Funny enough, I don’t recall the reaction in my household. My mom was at this point in her life a loyal Democrat. My Dad, as always, an independent—but with some appreciation for the Gipper. I do recall Walter Mondale not being taken seriously by either of them. I think they perceived him as being emblematic of the flimsiest aspects of the Minnesota spirit. Mario Cuomo tried to give a positive spin by saying that Mondale’s speeches “bring people not to their feet but to their senses”—hardly a rousing battle cry for unseating a popular incumbent.
July 20, 1984 / December 22, 2020
What did I miss of the 1984 Democratic National Convention as I was away in Scotland? Not much! Watching the footage now, the much-ballyhooed speeches by Mario Cuomo and Geraldine Ferraro leave me cold. Both of these orations are burlap sacks stuffed full of party planks. (Incongruously, the Dems are hardcore pro-Israel at this point, so amidst the impassioned pleas for the Reagan administration to be more compassionate toward the suffering and impoverished—at home, in Central America, and in the Middle East—there are lamentations in Cuomo’s speech that Reagan has not sufficiently “stood with Israel.” [See, Reagan has delicately rebuked our Middle East ally for being heavy-handed in Lebanon and in the Palestinian territories].) And so, the only question is: Do you want your contradictory tokenism in a nasally New Yawk accent (Cuomo) or in the oddly faltering tones of the first female vice-presidential candidate in history? Ferraro is the larger disappointment: all that excitement, all that buildup and speculation that she might upstage Mondale, and then… Where’s the beef? I can only hope she had an off night.
On the flipside, Jesse Jackson once again delivers a great performance. He works in some of the same concerns as Cuomo and Ferraro (absent Israel) with showmanship but without any sense of contrivance. “The Rainbow Coalition” is as hokey a phrase as I’ve ever heard, but damn if he doesn’t sell it.
Mondale is the biggest surprise. I love his speech. There is, of course, the unavoidable laundry list of talking points, but overriding all that is his sincerity, graciousness, and quintessentially Midwestern pragmatism. I know this man, though I didn’t realize until now that I did; I was blanketed by my parents’ lack of enthusiasm. But watching him now, I see in “Fritz” Mondale everything that is good and true about the people of my home state: plainspoken, realistic, genuine. He has smarts without ostentation. In my life, I have been at my best when I have gotten within striking distance of just a couple of these qualities. The Mondales of the world have a difficult time winning national elections, but they are often better people than those that do.

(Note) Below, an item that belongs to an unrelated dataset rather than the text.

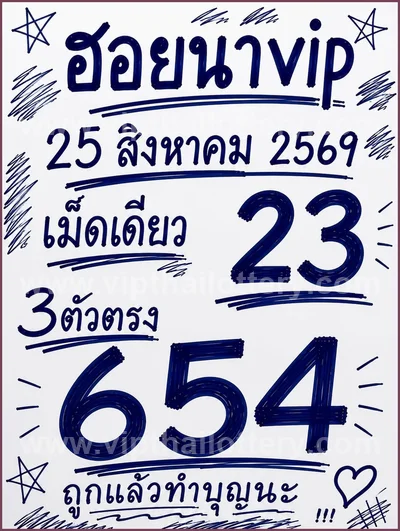 Thailand Lottery Down Result 3Up VIP HTF Tips 1st Sep 2026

July 21, 1984 / December 28, 2020
The NeverEnding Story – finally, a children’s movie clearly made by people who have some familiarity with childhood. When I saw this as a kid, I related to the protagonist, Bastian—an artistically inclined daydreamer, bad at math, admonished by the grown-ups to get his head out of the clouds. If you want to see where those two irreconcilable forces—the internal yearning to dream, to create, vs. the external pressure to get one’s feet on the ground and be productive—will take a person if neither is subordinated to the other, look no further than your humble correspondent at 46: successful, yes. And grateful for the stability of regular employment. Also conflicted.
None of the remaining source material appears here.